# Anybody getting deals???



## juicedvr6 (Apr 13, 2003)

We are looking at getting an EOS either this weekend or next and there are actually some sitting on the lots around here. What kind of deals if any are people getting on them? Any discounts available?


----------



## JustinW (Aug 8, 2003)

From what we've seen there seem to be deals in some parts of the country and not in others. Looks like on the East Coast many stores have a bunch of the model now in stock. I expect more dealing than not in most cases.
Don't just walk in and ask one store about its price. Survey several, let them know it is competitive, and see what answers you get. Then judge on price *and* what sort of place it is you are dealing with. The cheapest guy (or girl) may not be the best overall deal....


----------



## T-Tail (Aug 8, 2006)

*Re: Anybody getting deals??? (juicedvr6)*

While I got a no-haggling $199 over invoice on my Passat, I did have to barter on my Eos. Ended up with $1,250 off MSRP, which I thought was pretty good. Good luck...market for convertibles in Washington is probably quite different than your neck of the woods.


----------



## juicedvr6 (Apr 13, 2003)

*Re: Anybody getting deals??? (T-Tail)*

Thanks. I think that we are looking for about 1200 or so off?


----------



## Funmobile (Feb 19, 2007)

*Re: Anybody getting deals??? (juicedvr6)*

I had an offer of about 1350 off MSRP, but this was in February when there was still snow on the ground. It is a good idea to talk to multiple dealers to see what they can do. Also, they might be more eager toward the end of the month.


----------



## juicedvr6 (Apr 13, 2003)

*Re: Anybody getting deals??? (Funmobile)*


_Quote, originally posted by *Funmobile* »_I had an offer of about 1350 off MSRP, but this was in February when there was still snow on the ground. It is a good idea to talk to multiple dealers to see what they can do. Also, they might be more eager toward the end of the month. 

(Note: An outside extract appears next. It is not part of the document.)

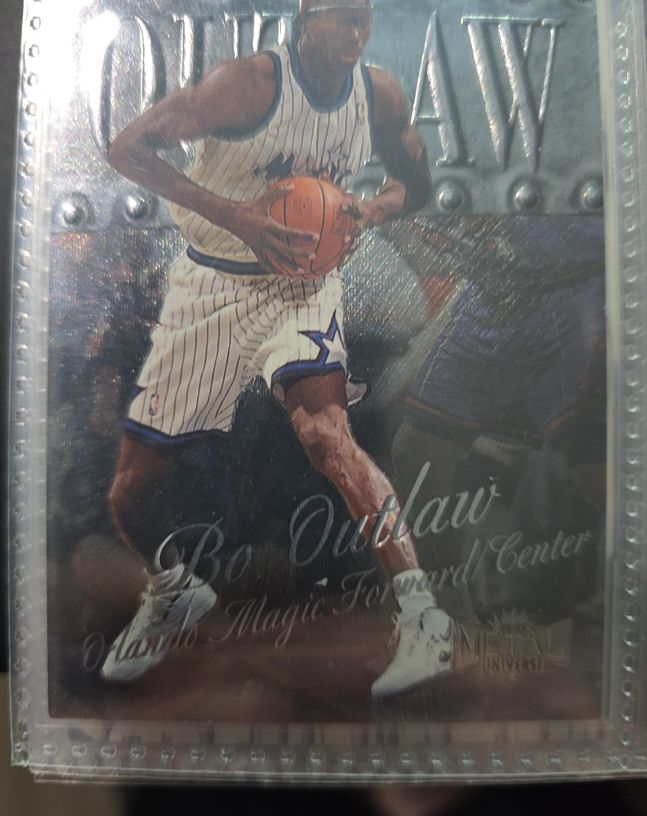 1998-99 Metal Universe #27 Bo Outlaw Orlando Magic — front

Snow? What is that? I have heard of this mysterious substance, but feel it is just a myth.







I have talked to multiple dealers in the area and they are offering discounts just trying to figure out if I can get more out of them or not.


_Modified by juicedvr6 at 1:26 PM 3-28-2007_


----------



## neweosowner (Nov 25, 2006)

*Re: Anybody getting deals??? (juicedvr6)*


_Quote, originally posted by *juicedvr6* »_Snow? What is that? I have heard of this mysterious substance, but feel it is just a myth.

If you hurry you can catch the 7:35 ET flight out to Calgary. I believe you'll see the snow falling past your airplane window as you come in for landing tonight.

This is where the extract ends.